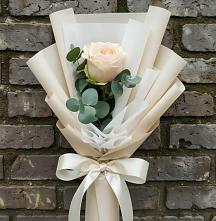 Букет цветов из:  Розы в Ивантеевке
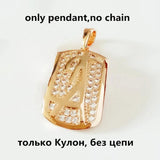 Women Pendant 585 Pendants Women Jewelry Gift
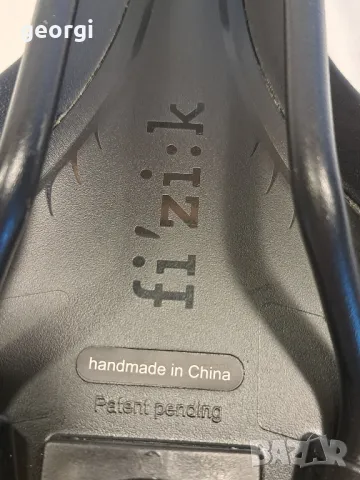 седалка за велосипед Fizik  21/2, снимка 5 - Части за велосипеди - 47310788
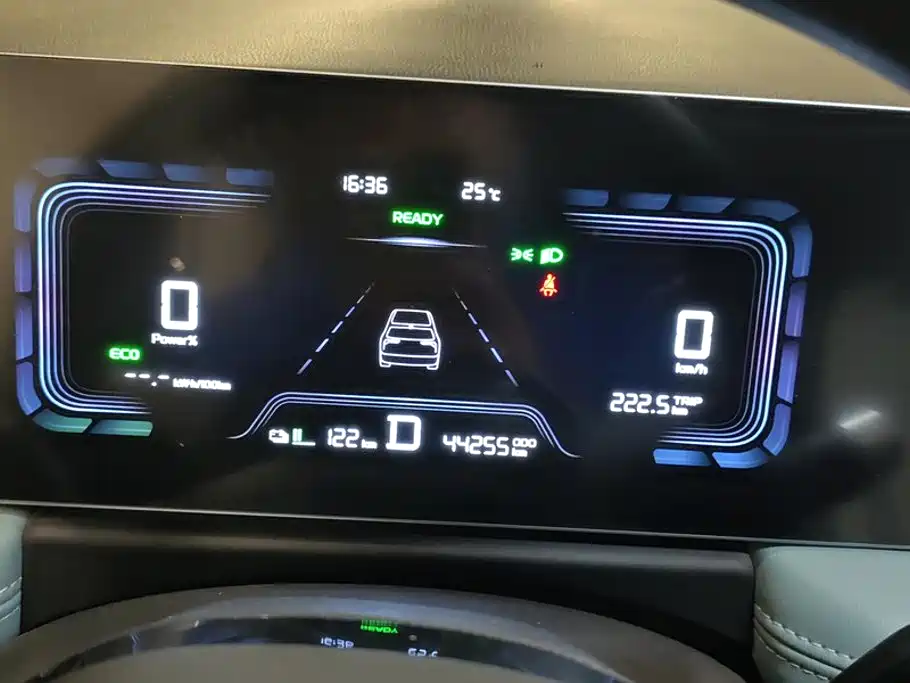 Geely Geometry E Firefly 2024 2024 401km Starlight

========================================

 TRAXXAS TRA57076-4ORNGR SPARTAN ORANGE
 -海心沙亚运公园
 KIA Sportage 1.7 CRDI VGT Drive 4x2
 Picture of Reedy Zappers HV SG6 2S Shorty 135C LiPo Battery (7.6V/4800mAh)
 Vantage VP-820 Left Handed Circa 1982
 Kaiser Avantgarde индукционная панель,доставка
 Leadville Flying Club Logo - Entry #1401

========================================

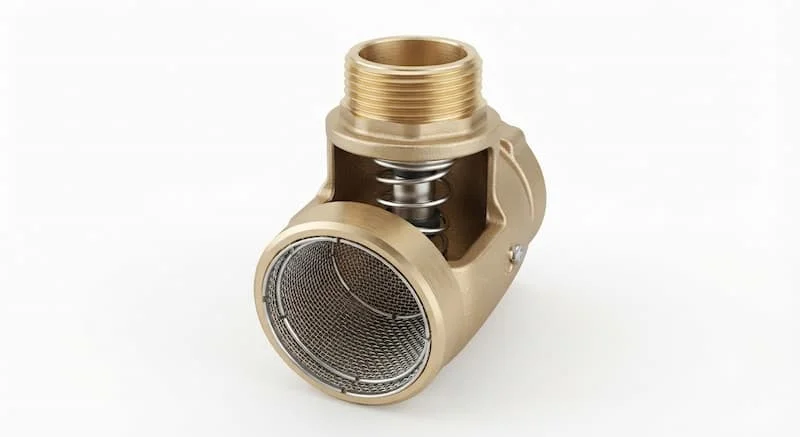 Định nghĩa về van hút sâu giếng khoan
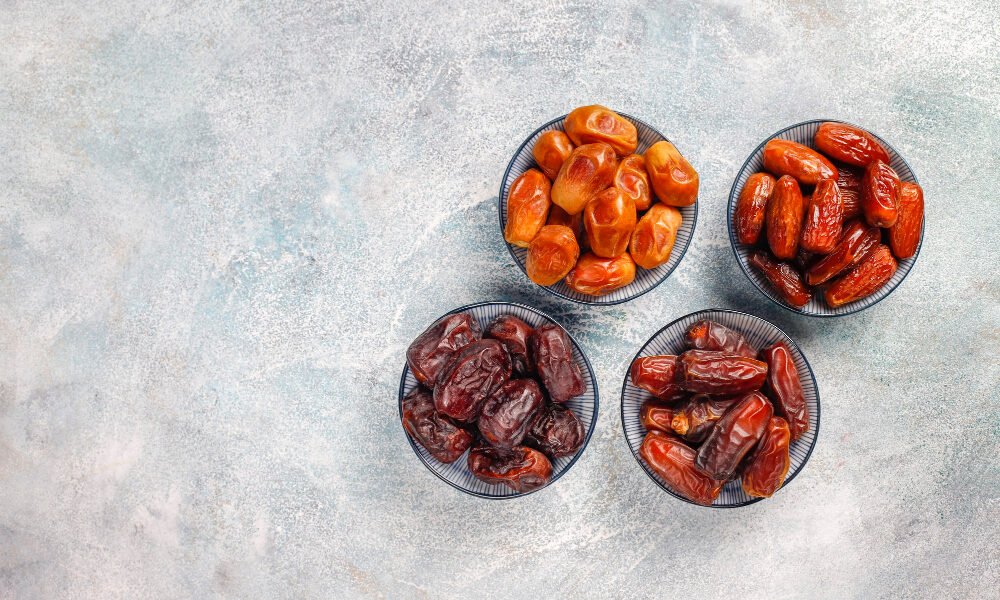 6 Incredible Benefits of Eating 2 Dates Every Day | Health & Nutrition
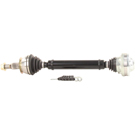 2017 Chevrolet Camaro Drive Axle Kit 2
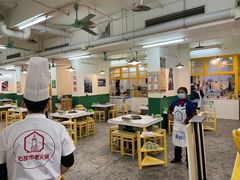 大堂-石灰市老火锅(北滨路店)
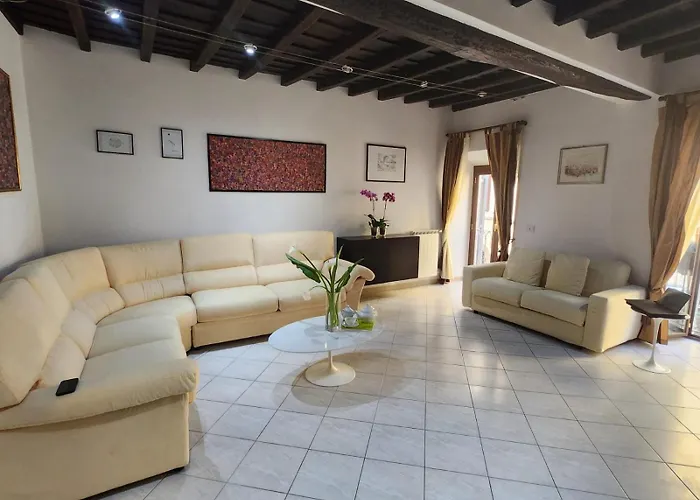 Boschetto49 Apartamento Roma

========================================

WORK TO BE COMPLETED:
The lines above starting at the one that contains "KIA Sportage 1.7 CRDI VGT Drive 4x2" and ending at the one that contains "Leadville Flying Club Logo - Entry #1401" must be transcribed exactly, and no other lines may appear.

TASK RESULT:
 KIA Sportage 1.7 CRDI VGT Drive 4x2
 Picture of Reedy Zappers HV SG6 2S Shorty 135C LiPo Battery (7.6V/4800mAh)
 Vantage VP-820 Left Handed Circa 1982
 Kaiser Avantgarde индукционная панель,доставка
 Leadville Flying Club Logo - Entry #1401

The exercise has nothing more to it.